Text mining techniques have also been proposed for personalized search. The use of LDA [5] models was proposed by Yu and Mohan [42] for discovering hidden user intents of a query, and then rank the user intents by making trade-offs between their relevance and information novelty. Based on Yu and Mohan’s conclusions, the LDA model discovers meaningful user intents and the LDA-based approach provides significantly higher user satisfaction than other popular approaches.

Learning to Rank (LTR) [6] is a class of techniques that apply supervised machine learning to solve ranking problems. LTR solves a ranking problem on a list of items. The aim of LTR is to come up with optimal ordering of those items. As such, LTR doesn’t care much about the exact score that each item gets, but cares more about the relative ordering among all the items. Several LTR algorithms, such as SVMRank, RankLib, RankNet, [6], XGboost [9] and BM25F [31], have been used for improving search engine results [28]. In any case, for a LTR algorithm to work, it is required building a judgment list which is a tedious and resourceful process. Moreover, extensive training and evaluation is required that need substantial computation power, thus frequent or sudden changes in data and/or user behavior may lead to decreased performance.

Using multiple learning algorithms (ensemble methods) to obtain better predictive performance have also been proposed. Wu, Yan and Si [23] proposed a stacking ensemble model that used different types of features, (i.e. statistic features, query-item features and session features) consisting of different models, such as logistic regression, gradient boosted decision trees, rank SVM and a deep match model. In a similar approach, Lie et al. [25] presented a cascade model in a large-scale operational e-commerce search application. Their approach modelled multiple factors of user experience and computational cost and addressed multiple types of user behavior in e-commerce search that provided a good trade-off between search effectiveness and search efficiency within operational environments in regular e-commerce environment.

Any web user would agree that there are few things more frustrating than a slow website, as performance plays a major role in customer satisfaction. A faster website means a better visitor experience, on the contrary a slow website will lead to a poor user experience. Providing improved speed was one of the reasons Elasticsearch [17] was built. Elasticsearch is a search engine based on the Lucene library [27]. It provides an open-source, distributed, multitenant-capable full-text search engine that can be used to search all kinds of documents. Elasticsearch is distributed, which means that indices can be divided into shards and each shard can have zero or more replicas. Each node hosts one or more shards, and acts as a coordinator to delegate operations to the correct shard(s).

According to our discussion in this Section, a lot of progress has been made in personalization systems, as well as in recommendation and search systems; nevertheless, in the case of recommendation applications, there is no integrated solution that can semantically understand user’s intentions and dynamically evolve based on them, while in the case of personalized search there is still a great need for integrated solutions that are affordable in terms of human resources and processing requirements. These solutions should on the one hand deliver personalized search results that improve UX and on the other hand be flexible enough to quickly adapt to new trends and sporadic changes in user behavior, as well as be scalable and resource efficient in terms of processing power and memory consumption.
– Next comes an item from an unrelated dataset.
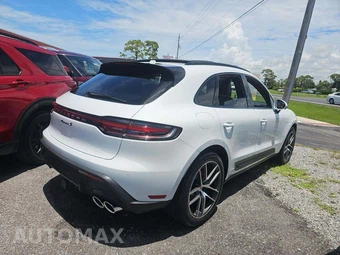 2022 Porsche Macan S – miniatura 3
3 A Framework for the Conversational Web

At a first glance, from a user’s point a view, there is little difference between a hyper-personalized website employing conversational web technologies and a conventional website. However, as one uses more and more a conversational website, somehow things get so much easier to use, everything seems simple and intuitive both in terms of UX elements and product search. On the contrary, from the system’s point of view, creating a truly conversational website involves a rather complex multi-step procedure, as we will discuss in this Section.

3.1 A Use-Case Scenario

Next we present a use case scenario of how the conversational web can augment the personalized experience of a customer Zoe, who wants to buy the new brand X1 night face cream. Zoe visits her favorite e-commerce site and performs a search using the site’s search form. She clicks the third result, although the first two results are about two very popular night face creams of brand X2, Zoe is only interested in brand X1. At this point the implicit conversation between the customer and the user has already begun. The website “listens” that a returning customer landed using direct access (direct traffic), searching for brand X1 night cream, and has a strong preference to brand X1, rather than brand X2, so it responds with recommendations about other night creams, as well as other products of brand X1 that are commonly bought together with night creams. In addition, the site recognizes that this is a returning user, so it displays a “welcome back” greeting together with a reminder about a coupon that is expiring in the next few days. Next, Zoe adds the product to her basket and then hovers for some time over a shampoo for oily hair, but finally clicks on a brand X1 serum she noticed in a banner of the main page. These actions alone comprise four discrete messages: as the user has stated that she is actually (a) very interested in the brand X1 night cream (with intent to buy), (b) she is also interested in general for brand X1 and (c) more specifically in serums, and (d) she may need a shampoo for oily hair.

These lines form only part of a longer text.